How does the 950DT differ from the 950PR?
The 950DT is training-focused and is expected to launch in Q4 2026 with HiZQ 2.0 (144 GB HBM & 4 TB/s). It provides more bandwidth and capacity for longer, larger training batches and pipelines.
What improvements does the Ascend 960 (Q4 2027) bring?
The 960 increases interconnect bandwidth to 2.2 TB/s, raises memory to 288 GB (likely HiZQ 2.0), and boosts memory bandwidth to 9.6 TB/s. Compute-wise, it aims for 2 PFLOPS (FP8) and 4 PFLOPS (FP4).
What about the upcoming Ascend 970 in 2028?
Huawei talks about “significant” improvements in memory and compute, though no official specs are provided. It’s expected to continue the trend, with increased HBM capacity, bandwidth, and FLOPS, emphasizing HBM control and low-precision performance.
Does Huawei’s HBM replace third-party solutions now?
Huawei has introduced HiBL 1.0 (128 GB, 1.6 TB/s) for the 950PR and HiZQ 2.0 (144 GB, 4 TB/s) for the 950DT and later lines. The goal is to reduce dependencies and optimize tailored solutions; adoption speed will depend on production volume, performance, and validation progress.

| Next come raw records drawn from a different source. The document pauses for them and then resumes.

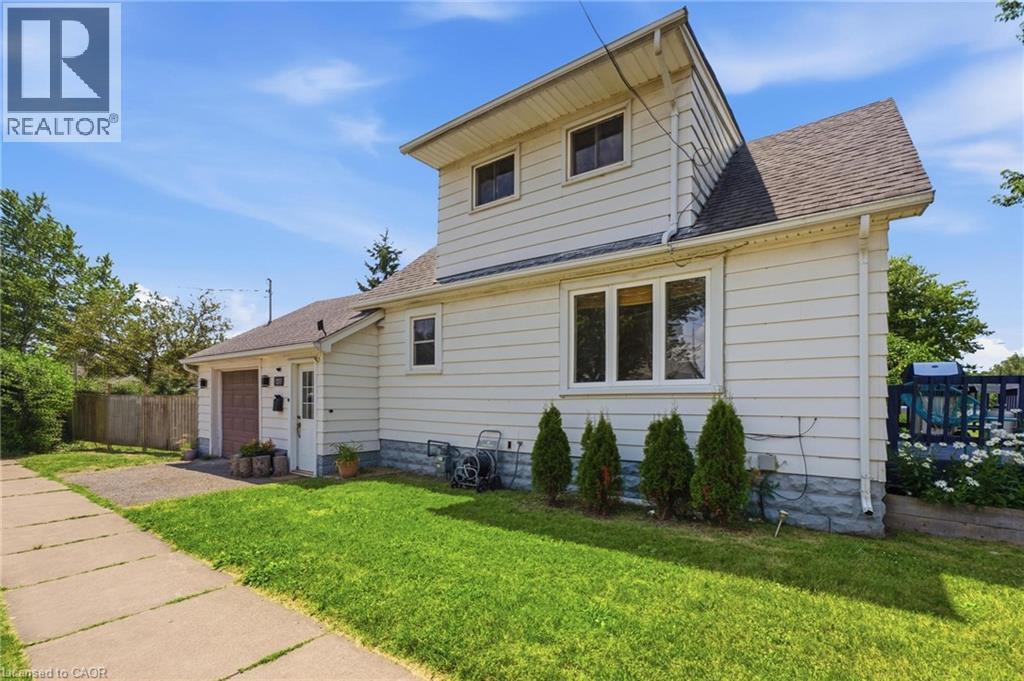 1217 Orchard Avenue, Fort Erie, Ontario  L2A 3C8 - Photo 3 - 40847572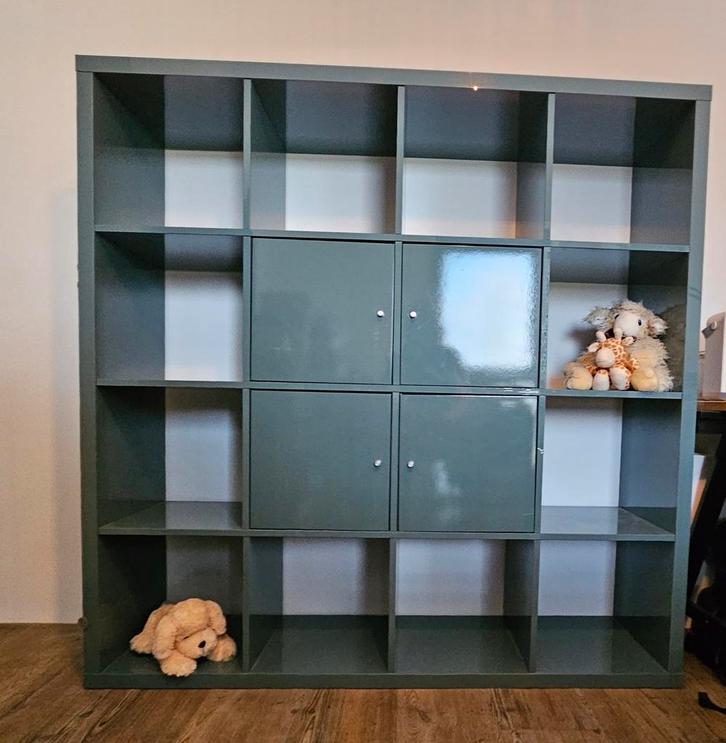 Ikea Kallax kasten 2 stuks met 4 deuren groen, Huis en Inrichting, Kasten | Boekenkasten, Gebruikt, 100 tot 150 cm, 100 tot 150 cm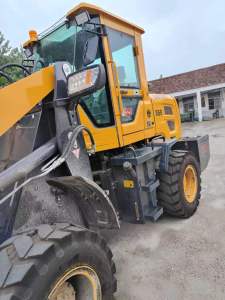 潍柴发动机，自动挡变速箱，加重车桥，卸载五米，举高六米，一抓一铲，全车加重车身车桥，九成新，出售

Is this competing with NVIDIA H20?
In the Chinese domestic market, Huawei positions Ascend as a “homegrown” alternative. Exact comparisons depend on system metrics (not just chip specs): software, networking, HBM, efficiency, and total cost of ownership (TCO) of the cluster.
Why are FP8 and FP4 important?
Because they enable more performance per watt and better memory utilization without sacrificing quality in many models. Huawei’s numbers (1 PFLOPS FP8, 2 PFLOPS FP4 in 950PR; 960 doubling these) indicate their vector engines are tuned for current mainstream large language models, where low-precision formats are becoming standard for training and inference.
What are the main risks and challenges of this plan?
Packaging innovations, thermal management, software ecosystem maturity, power density, production volumes, and supply chain reliability all pose challenges that will determine real success in cost, timelines, and data center adoption.